ECHUCA’S Aunty Melva Johnson has been recognised for her service to the Victorian indigenous community, awarded a Medal for the Order of Australia.
For almost 60 years, the local octogenarian has campaigned tirelessly to see greater equality in health, housing, education, justice, childcare and employment for Aboriginals, particularly in Echuca.
And while she wasn’t well enough to accept the award in person on Australia Day, Aunty Melva’s granddaughter Teresa Edwards said her Nan was blown away to receive it.
“When she found out someone had just nominated her, she was overwhelmed. She said, ‘It’s a lovely thought, but I’m not gonna get it’,” Teresa said. “When I told her she’d been awarded the OAM she cried. She was amazed by the recognition, even after all she’s done.
“When we mention it, even now, she’s still stunned.”
Born on Cummeragunja Mission in 1934, Aunty Melva was just five when her family joined in a mass ‘walk-off’ to protest its appalling conditions (which happened 80 years ago today).
After settling in a protest camp on the banks of the Goulburn near Mooroopna, her family eventually set up house in Mooroopna.
Leaving school at 13, Aunty Melva moved to Melbourne at 15 to find work before returning north to settle in Echuca with her new husband Kevin when she was 21.
It was during these years she became keenly aware of the prejudices towards Aboriginals at the time.
But it was being forced to give birth to two of her four children on the veranda of Echuca hospital that really put her on the frontlines.
In 1974, Aunty Melva joined a dedicated group of community women to found the Echuca Aboriginal Co-operative – today known as Njernda Aboriginal Corporation.
Acting in the Co-op’s name, Aunty Melva began pushing for recognition and support from local council, health professionals and the education department. She influenced policy change, campaigning tirelessly for funding and in the 1980s helped secure funds to buy a property for a women and children’s safe house.
Employed as co-ordinator, Aunty Melva saw the building offer a range of specialist health services in the region for the first time.
For 15 years she ran a bingo night, the proceeds going towards school books, lunches and equipment for children in need. At the time, only two Aboriginal children were allowed in the Echuca kinder a year.

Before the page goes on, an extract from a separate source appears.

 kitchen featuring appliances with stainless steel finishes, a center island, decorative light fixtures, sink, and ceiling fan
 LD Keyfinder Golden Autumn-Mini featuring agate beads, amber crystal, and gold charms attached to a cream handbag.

“It was just pure racism, it was terrible in Echuca in those days,” Aunty Melva said.
“WE WANTED our own childcare centre. So we went to Melbourne and fought for funding and, eventually, it was granted.”

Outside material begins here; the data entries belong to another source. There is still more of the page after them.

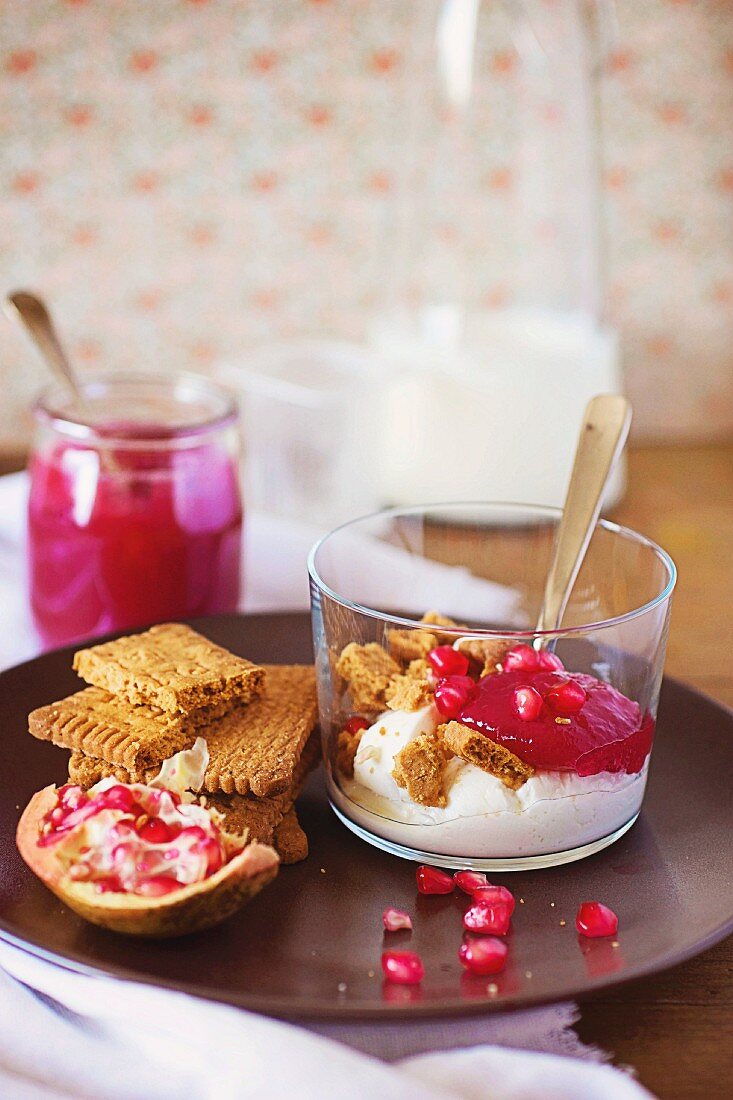 Yoghurt with cookies and pomegranate seeds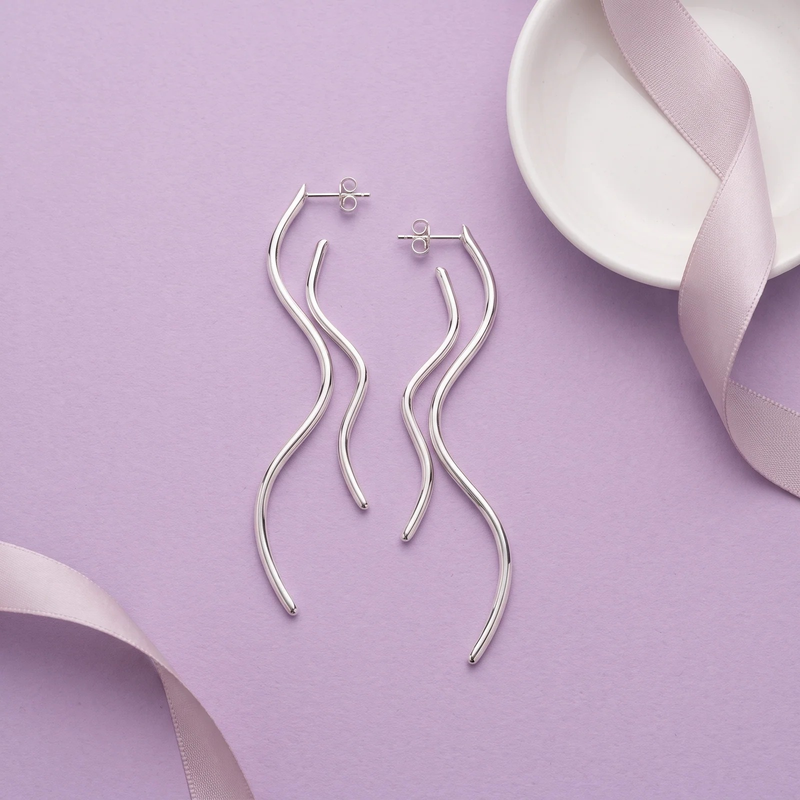 Flat lay of Resin & Gold Organic Layered Drop Earrings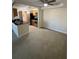 Open-concept living space with neutral carpet flooring connected to the kitchen at 3260 Haviland Ct # 202, Palm Harbor, FL 34684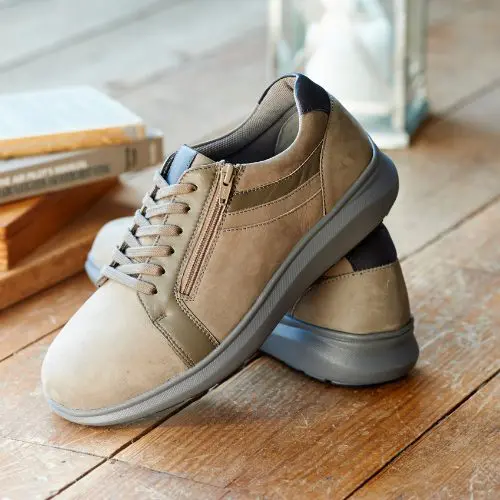 A pair of brown lace and zip trainers on a table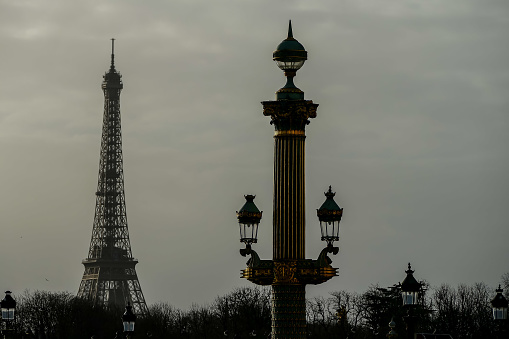 The Eiffel tower and old street lamps seen from the Jardin des Tuileries.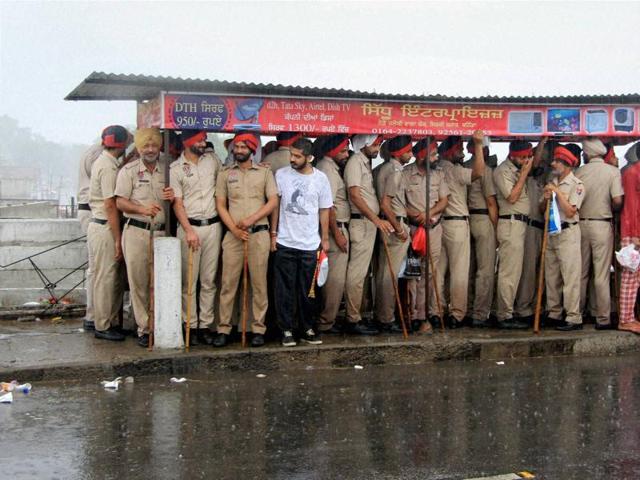 Policemen stand under a shelter during rainfall in Bathinda on Sunday. (PTI)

By the time her second child was old enough to go to kinder, a multifunctional Aboriginal childcare centre – now Berrimba Childcare – had been established here.
Since the centre opened, more than 70 local Aboriginal children have gone on to complete their VCE.
The previous total had been zero.
With achievements like these, it’s no wonder Aunty Melva (who only retired last year) has been celebrated through the years, inducted to the Victorian Honour Roll of Women in 2002 and becoming the first Aboriginal to receive the Bishop Noel Daly Award for leadership in Catholic education in 2011.
And now, the OAM.
“It’s been very emotional for us,” Teresa said
“It shows how important it is for us to recognise the elders in our community for the things they’ve achieved and how they’ve paved the way for us.
‘‘And not just indigenous elders, but all elders.
“Because it won’t take just us to bridge the gap.
‘‘We all need to work together to move forward.
‘‘There’s a long way to go, but we’re slowly taking steps forward.
“And we’re definitely enjoying a brighter future thanks to what Nan has done.”